Again, the crowd in the feast hall erupted in a cacophony of sounds, from outright laughter to exclamations of incredulity.
Again, Macc shouted for silence.
“That is convenient, Lee since your alleged oppressor died on The Plain of Sheep,” Taidle said. Lee shrugged but said nothing.
The crowd waited for the High King to say something. He had to speak. He could not sit on his throne in silence forever. As time passed and Connery’s dejectedness became more apparent, the crowd’s mood switched from expectancy to acceptance. Their suppositions about how their ruler would deal with the crisis were correct. He would pardon his foster brothers despite having sentenced the other reavers to death. Macc could see the transition from excited expectancy to disdain as it happened. He was about to insist the High King should leave the hall when Connery spoke.
“You are banished from Ériu on pain of death. You will spend the rest of your lives reaving in Alba. If you are seen in Ériu from the third day after this, you will be summarily executed.”
***
They were gathering on the knoll above the strand of Bend Etair, where Dond Desa’s ships were beached. After the raid on Emain Macha, he moved the ships closer to Temuir, thinking—however incorrectly—that he would have more control if they were closer. His skeleton crews were there with them. Ten sailors for each of the ships. Not enough men to man the oars, but more men were arriving. This time, the brothers had not sent any messages telling them to come to the knoll. There was an unforeseen force bringing the condemned together. The High King’s pronouncement of banishment had spread through Ériu like the sands of a dune in an autumn wind. The condemned reavers knew where Dond Desa kept his ships. They knew where to congregate and were either on the hill beside the fire, looking at the ships on the beach, or on their way.
There was a buzzing around the knoll, an expectancy of action. No one was under any illusions about what was going to happen. They knew Connery’s sentence of his foster brothers amounted to a reprieve of the condemned. Even if the High King did not see it, he could not banish Dond Desa’s sons and still hope the other reavers would be strangled by their fathers and dumped in a bog for eternal damnation.

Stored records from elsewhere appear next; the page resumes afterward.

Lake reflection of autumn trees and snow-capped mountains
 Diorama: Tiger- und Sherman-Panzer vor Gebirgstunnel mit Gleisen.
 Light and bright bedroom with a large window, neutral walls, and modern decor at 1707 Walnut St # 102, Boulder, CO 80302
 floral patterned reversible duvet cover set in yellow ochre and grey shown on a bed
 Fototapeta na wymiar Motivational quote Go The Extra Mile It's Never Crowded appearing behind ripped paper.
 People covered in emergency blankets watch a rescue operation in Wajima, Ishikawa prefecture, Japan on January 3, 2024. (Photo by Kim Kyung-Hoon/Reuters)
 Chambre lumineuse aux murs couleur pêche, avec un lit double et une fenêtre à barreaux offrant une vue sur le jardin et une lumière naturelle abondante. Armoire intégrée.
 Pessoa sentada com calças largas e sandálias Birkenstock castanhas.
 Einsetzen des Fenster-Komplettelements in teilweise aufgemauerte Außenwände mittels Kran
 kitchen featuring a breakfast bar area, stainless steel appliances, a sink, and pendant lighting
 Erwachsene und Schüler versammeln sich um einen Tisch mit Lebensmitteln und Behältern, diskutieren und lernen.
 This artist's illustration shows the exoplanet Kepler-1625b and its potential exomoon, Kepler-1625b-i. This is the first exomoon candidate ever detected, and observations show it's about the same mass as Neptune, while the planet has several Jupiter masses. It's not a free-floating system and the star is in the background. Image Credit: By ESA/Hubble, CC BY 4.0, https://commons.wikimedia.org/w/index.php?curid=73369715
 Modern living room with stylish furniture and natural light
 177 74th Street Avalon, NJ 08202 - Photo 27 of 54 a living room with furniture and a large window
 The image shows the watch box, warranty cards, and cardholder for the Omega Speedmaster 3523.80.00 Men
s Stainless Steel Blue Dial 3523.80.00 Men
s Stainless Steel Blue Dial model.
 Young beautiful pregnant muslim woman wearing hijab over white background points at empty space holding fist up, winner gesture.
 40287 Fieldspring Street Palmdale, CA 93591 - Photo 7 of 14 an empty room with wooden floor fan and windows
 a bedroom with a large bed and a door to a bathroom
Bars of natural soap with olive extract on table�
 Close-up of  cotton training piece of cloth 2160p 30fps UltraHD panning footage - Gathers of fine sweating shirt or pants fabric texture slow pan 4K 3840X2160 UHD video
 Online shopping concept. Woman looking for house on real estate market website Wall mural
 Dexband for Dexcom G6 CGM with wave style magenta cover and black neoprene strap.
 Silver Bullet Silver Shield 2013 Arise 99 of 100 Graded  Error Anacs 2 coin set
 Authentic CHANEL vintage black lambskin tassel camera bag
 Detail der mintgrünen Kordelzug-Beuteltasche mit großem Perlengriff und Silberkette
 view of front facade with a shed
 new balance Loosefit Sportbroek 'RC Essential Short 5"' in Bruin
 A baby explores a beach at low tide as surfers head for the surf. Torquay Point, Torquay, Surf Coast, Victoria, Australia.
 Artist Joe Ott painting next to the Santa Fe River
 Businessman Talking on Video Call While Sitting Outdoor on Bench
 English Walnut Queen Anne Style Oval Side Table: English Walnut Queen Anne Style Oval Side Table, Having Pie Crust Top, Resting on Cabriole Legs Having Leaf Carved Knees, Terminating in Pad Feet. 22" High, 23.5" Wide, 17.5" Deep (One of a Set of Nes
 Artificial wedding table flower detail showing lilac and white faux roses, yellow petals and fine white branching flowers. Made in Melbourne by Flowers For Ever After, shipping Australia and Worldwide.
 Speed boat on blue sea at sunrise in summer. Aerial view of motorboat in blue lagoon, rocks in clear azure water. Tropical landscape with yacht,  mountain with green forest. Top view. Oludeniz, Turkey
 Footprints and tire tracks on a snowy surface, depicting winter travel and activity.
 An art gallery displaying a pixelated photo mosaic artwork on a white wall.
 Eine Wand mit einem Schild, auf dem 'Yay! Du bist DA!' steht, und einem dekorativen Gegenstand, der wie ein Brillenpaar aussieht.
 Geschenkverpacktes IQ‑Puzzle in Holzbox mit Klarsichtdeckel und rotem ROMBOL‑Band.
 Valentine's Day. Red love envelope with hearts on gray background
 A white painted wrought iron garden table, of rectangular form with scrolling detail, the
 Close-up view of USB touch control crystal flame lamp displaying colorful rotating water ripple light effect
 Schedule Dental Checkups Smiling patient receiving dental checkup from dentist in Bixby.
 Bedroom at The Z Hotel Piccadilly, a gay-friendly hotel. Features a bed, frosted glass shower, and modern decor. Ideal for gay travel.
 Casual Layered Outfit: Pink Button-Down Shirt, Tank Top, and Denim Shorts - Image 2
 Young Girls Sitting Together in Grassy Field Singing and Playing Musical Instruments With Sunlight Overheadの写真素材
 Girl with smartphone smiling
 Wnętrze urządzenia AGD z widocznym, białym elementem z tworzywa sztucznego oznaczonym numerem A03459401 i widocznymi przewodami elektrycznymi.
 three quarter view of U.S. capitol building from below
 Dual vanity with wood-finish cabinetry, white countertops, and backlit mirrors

They arrived in twos and threes, meeting on the roads leading to the harbor north of Átha Clíath, each with the same goal. Join the brothers in their exile to Alba. Make a name and a fortune by raiding their closest neighbors. After all, is that not what the life of a warrior is all about? Each of them thought in their own way. They thought they would return one day. Perhaps after the death of the High King, when his banishment would effectively end.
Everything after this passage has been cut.